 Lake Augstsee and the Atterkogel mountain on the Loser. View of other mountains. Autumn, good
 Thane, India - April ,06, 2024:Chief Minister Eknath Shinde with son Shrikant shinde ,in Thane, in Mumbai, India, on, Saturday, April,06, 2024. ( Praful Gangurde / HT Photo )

==

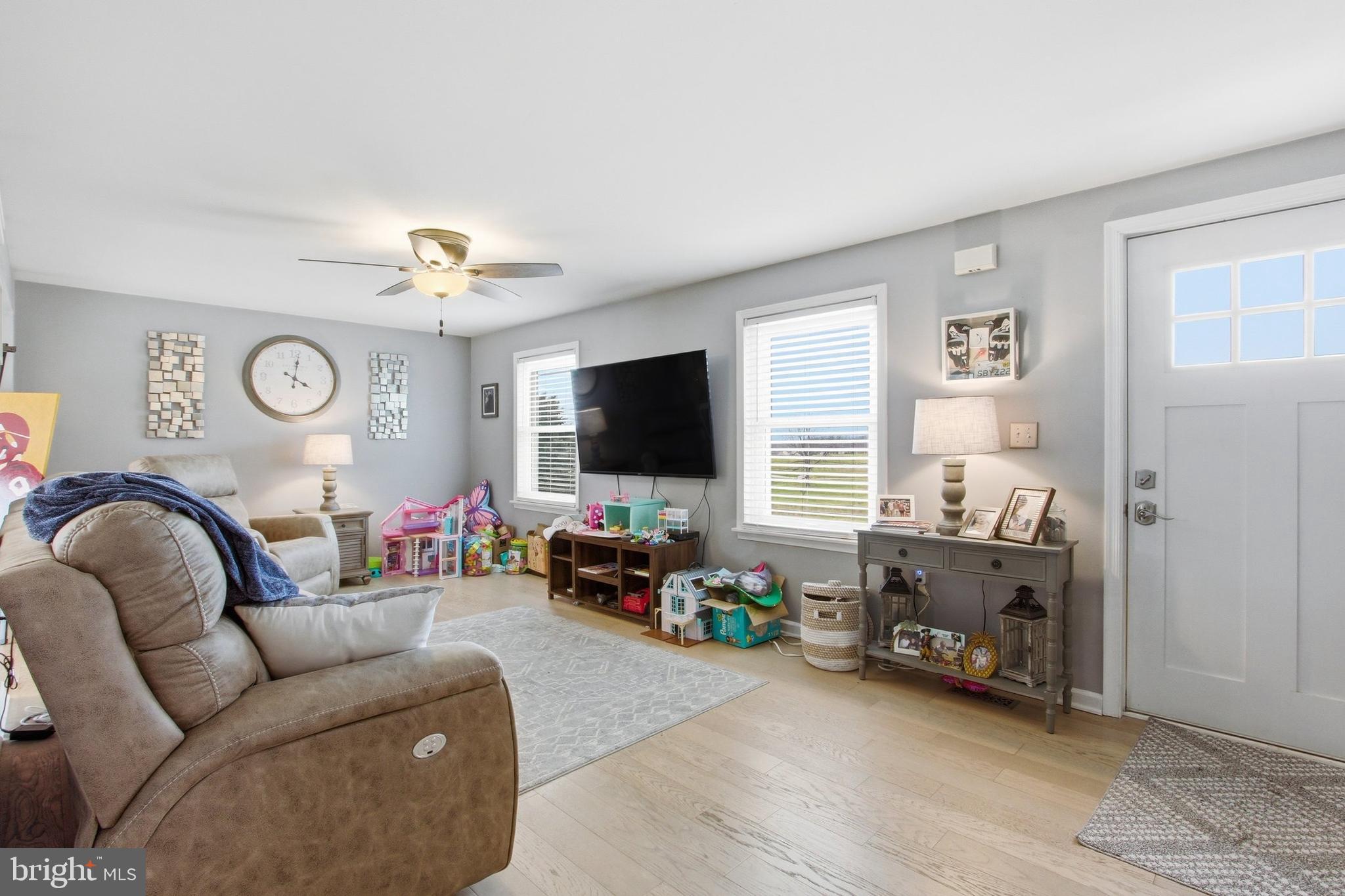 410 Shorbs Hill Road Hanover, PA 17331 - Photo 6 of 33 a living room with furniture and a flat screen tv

Exercise requirements: Begin with the line above that has "Lake Augstsee and" and continue through the line that has "Thane, India - April", setting each one down exactly. Stop there.

Answer section:
 Lake Augstsee and the Atterkogel mountain on the Loser. View of other mountains. Autumn, good
 Thane, India - April ,06, 2024:Chief Minister Eknath Shinde with son Shrikant shinde ,in Thane, in Mumbai, India, on, Saturday, April,06, 2024. ( Praful Gangurde / HT Photo )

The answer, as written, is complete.